В таком духе я ему и сказал, исключив последнюю мысль, т.к. к этому мы его и должны будем привести в процессе общения. А потом, ведь он имеет сейчас прямую выгоду от контактов с нами, т.к. с нашей помощью завладел двумя кишлаками, даже в этом случае контакты с нами ему на пользу. Заир признал этот очевидный факт и поблагодарил с присущей афанцам лестью в произносимых фразах. Мы выслушали Заира и сказали, что слова это конечно хорошо, но дела лучше. Нам хотелось бы, что бы Заир-хан , обладающий большой силой. Помогал и нам в решении наших проблем.

Заир заявил, что ценит доверие и готов ответить тем же. Я ему ответил, что его люди расположены во многих кишлаках,хорошо вооружены, имеют неплохую подготовку и могли бы обеспечить безопасность движения наших и афганских колонн на участке Баграм-Чарикар. Этот участок, длиной всего в 8 километров. Ты возьмешь под свой контроль, с задачей- недопустить обстрела и установки мин бандами ИПА. Мы же в свою очередь, готовы помочь ему в решении его проблем.
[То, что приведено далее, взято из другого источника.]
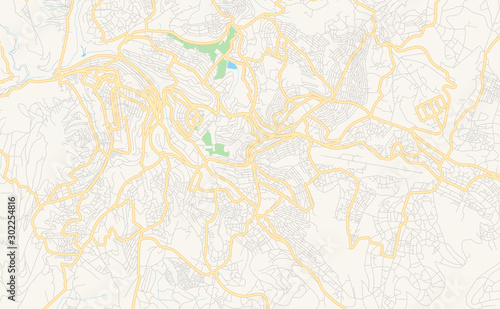 Printable street map of Kigali, Rwanda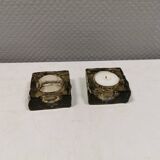 Deux magnifiques bougeoirs « pavés » de Monica Ritterband 2004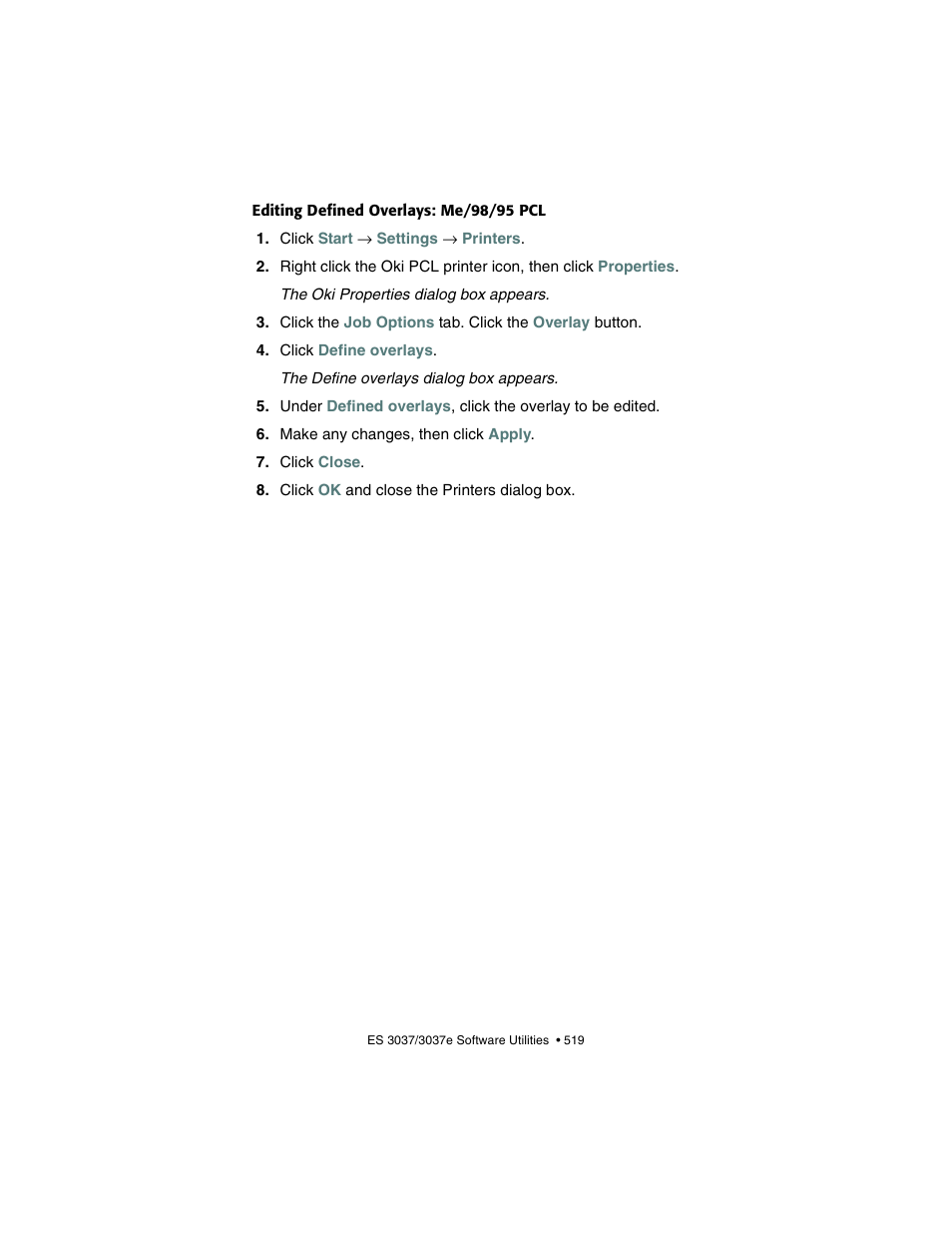 Editing defined overlays: me/98/95 pcl | Oki 3037 User Manual | Page 519 / 546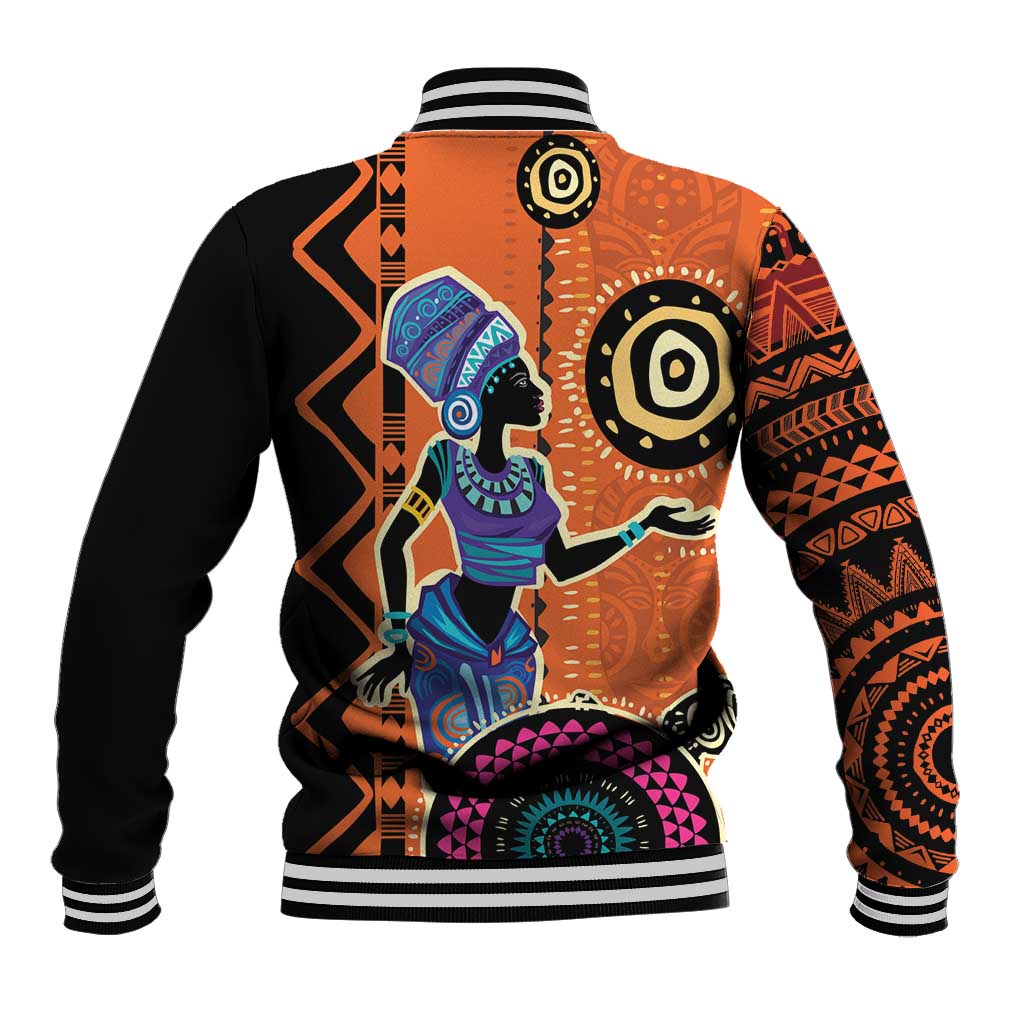 African Woman In Ethnic Dress Baseball Jacket Ethnic Geometric Patterns LT18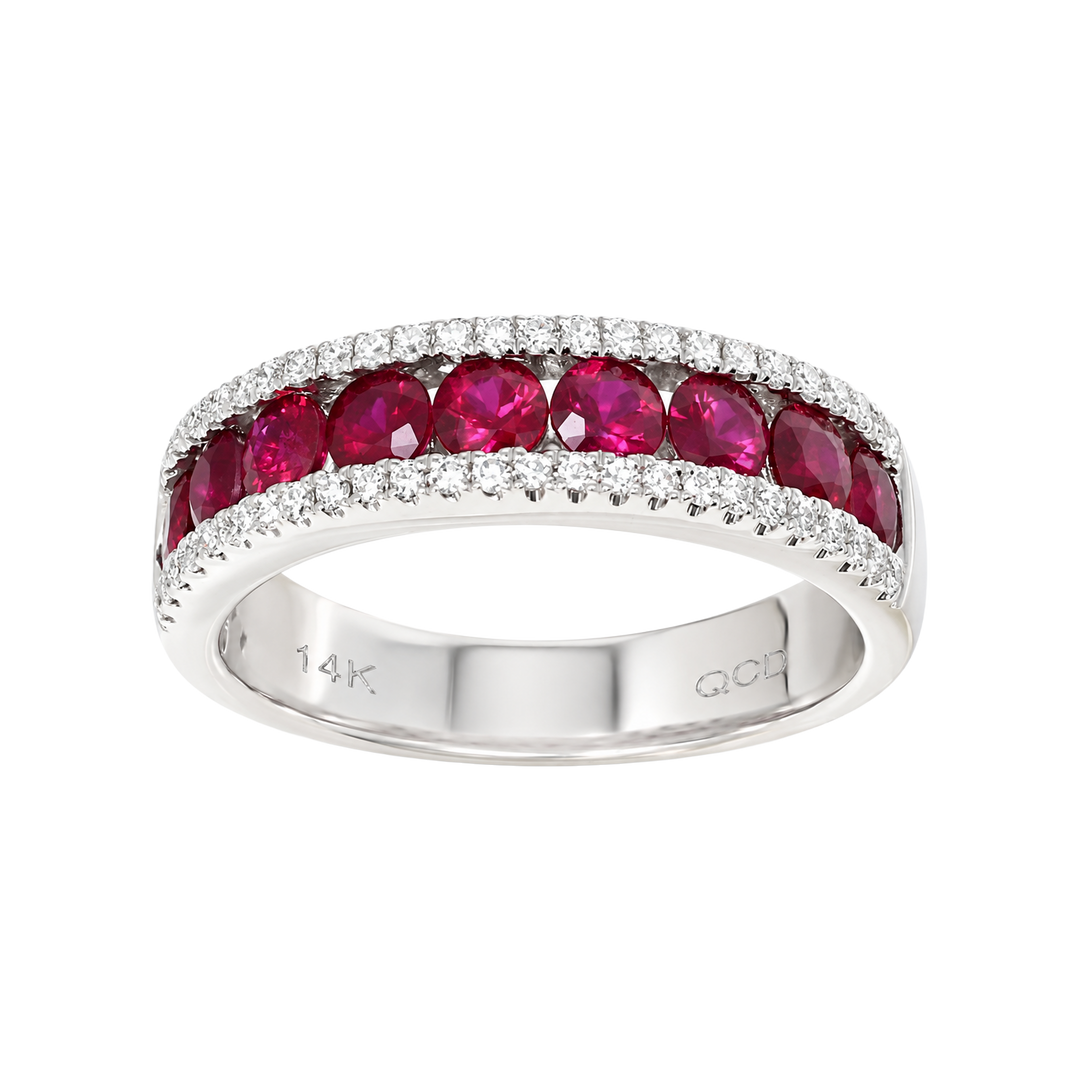 1.75ct Ruby and Diamond Bordered Band - SKU 52298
Он ответил, что подумает над нашим предложением, посоветуется с другими командирами, так и сказал, командирами, а затем даст ответ. Он ценит доверие и будет рад помочь шурави. Я сказал, что мы будем ждать от него предложений как сделать то, о чем мы договаривались ранее.

Попив еще чаю, Заир произнес "Омин" и встал. Встали и мы, вышли проводить его через пост. Охрана вскочила, поклонилась и также четко взяла под охрану своего главаря. Заир-хан подошел к нам, трижды поцеловался с каждым и пошел к себе в кишлак.
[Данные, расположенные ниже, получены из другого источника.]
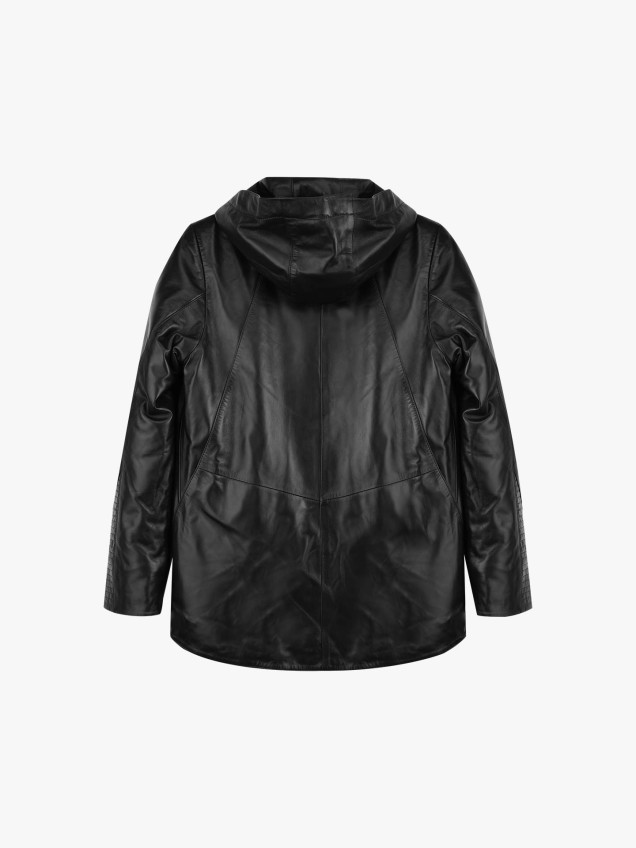 Casaco de Pele com Capuz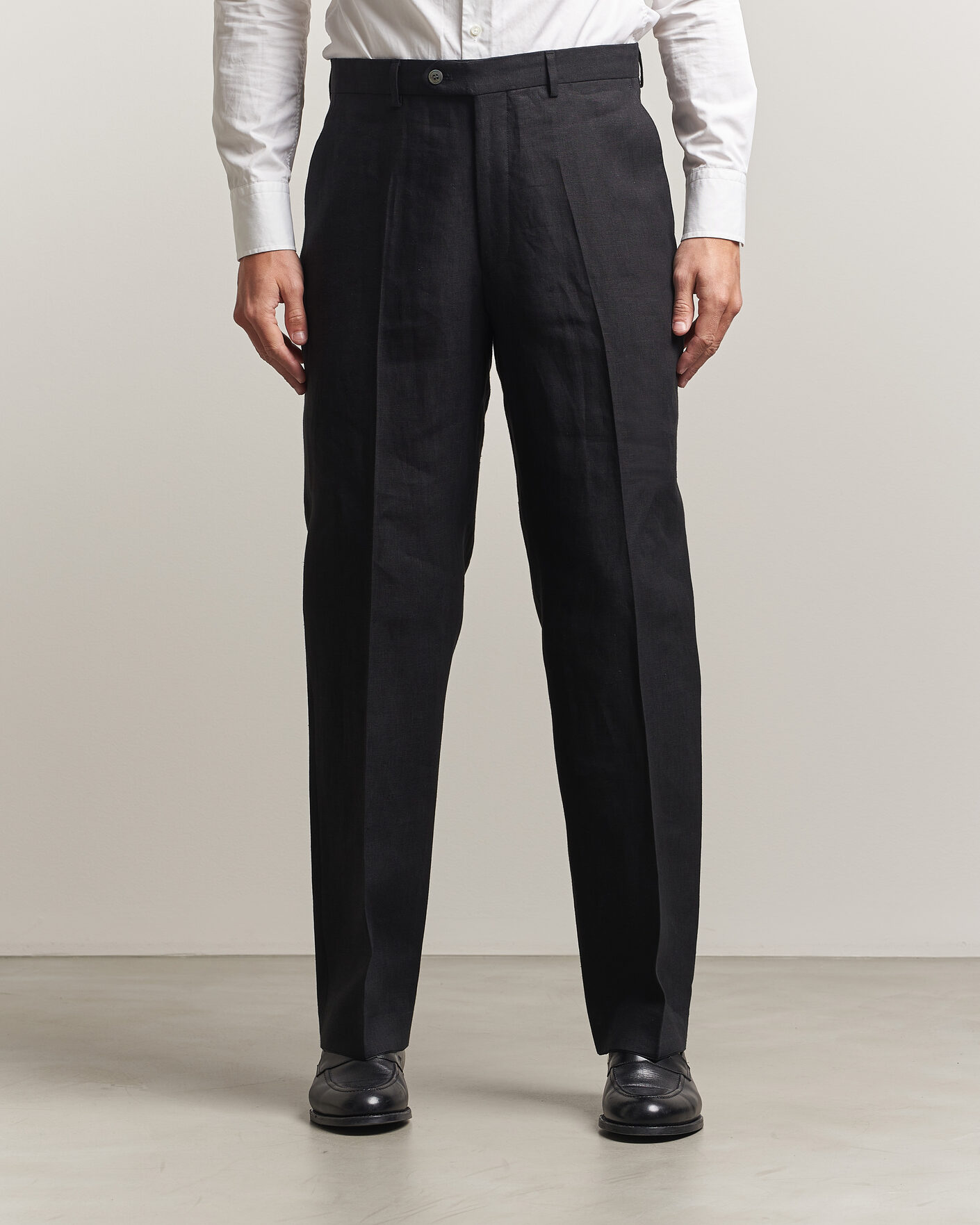 Men | Trousers | Oscar Jacobson | Dell S Linen Trousers Black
Мы поинтересовались у бойцов- удалось ли им пообщаться с охраной, приняли они угощение или нет? Бойцы доложили, что от угощения охранники отказались, но было видно, что они просто боятся друг- друга, в разговоры не вступали, исподлобья наблюдая за нашими позициями, хотя что можно увидеть ночью?

Побыв еще немного в батальоне мы вернулись в отдел, стали готовить отчет о встрече. Нужно было продумать вопросы взаимодействия, в случае, если Заир-хан возьмется за охрану дороги, т.к. при нападении банд ИПА, необходимо было использовать и его силы, а для этого надо все четко продумать и договориться с ним о сигналах оповещения..
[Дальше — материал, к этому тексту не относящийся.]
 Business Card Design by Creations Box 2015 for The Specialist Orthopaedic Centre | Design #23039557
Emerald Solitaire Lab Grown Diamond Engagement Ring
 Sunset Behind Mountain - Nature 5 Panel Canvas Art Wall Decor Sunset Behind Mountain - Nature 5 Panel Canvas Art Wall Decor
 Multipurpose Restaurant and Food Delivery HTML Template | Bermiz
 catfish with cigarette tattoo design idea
Часам к 4 отчет был готов и мы пошли отдыхать. В 8 часов позавтракали и доложили итоги встречи руководству, получили указания и стали ждать ответа Заир-хана.

6 февраля с поста сообщили, что афганцы просят принять их. Виктор взял БТР и поехал на пост. Смеркалось, дул ветерок, было сухо, но натягивало тучи. Приближались холода.

Виктор привез трех афганцев- это были Заир-хан, Акрам и Вазир, закутанные в одеяла. Оружие у них мы забрали, разрядили и поставили в угол. Произнесли приветствия, поцеловались три раза с каждым и сели за стол. Алаутдин принес чай, хлеб, сахар, угостили "дорогих" гостей. Акрам и Вазир были такого же возраста как и Заир, но чувствовалось, что Заир у них за главного.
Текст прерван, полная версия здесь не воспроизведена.